One is universal among all independence-minded people as distinguished from the dumb millions, whether Congressmen or other. It is the immediate release of political prisoners irrespective of the charge of violence or non-violence. They cannot be a danger to the State now that the necessity for independence has become common cause. It seems to be ridiculous to keep, say Shri Jayaprakash Narayan and Dr. Lohia, both learned and cultured men of whom any society would be proud, nor is there any occasion for beating any person as an underground worker. To leave the question of discharge for disposal by the incoming national Government would be a step no one will understand or appreciate. Independence will lose its grace.
The other affects the masses. I refer to the salt tax. As a means of raising revenue, it is insignificant. As a means of harassing the masses, it is a measure of which the mischief is indescribable. The masses will hardly appreciate independence if the burden of the salt monopoly continues to afflict them. I must not weary you with argument. I mention the two measures as a preparation of the Indian mind for independence. They will produce a psychological effect.

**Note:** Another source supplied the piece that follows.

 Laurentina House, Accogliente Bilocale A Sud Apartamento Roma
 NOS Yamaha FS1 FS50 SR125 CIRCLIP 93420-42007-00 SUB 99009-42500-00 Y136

I may mention that I discussed both the measures in a different setting with Mr Casey and I am now in correspondence with the present Governor of Bengal. I may add that I have today heard from Mr Abell in regard to the salt tax that "the Government do not find themselves able to accept the suggestion".
Yours sincerely,THE RT. HON'BLE LORD PETHICK LAWRENCE,
M. K. GANDHI
M. K. GANDHI
SERCETARY OF STATE FOR INDIA, NEW DELHI.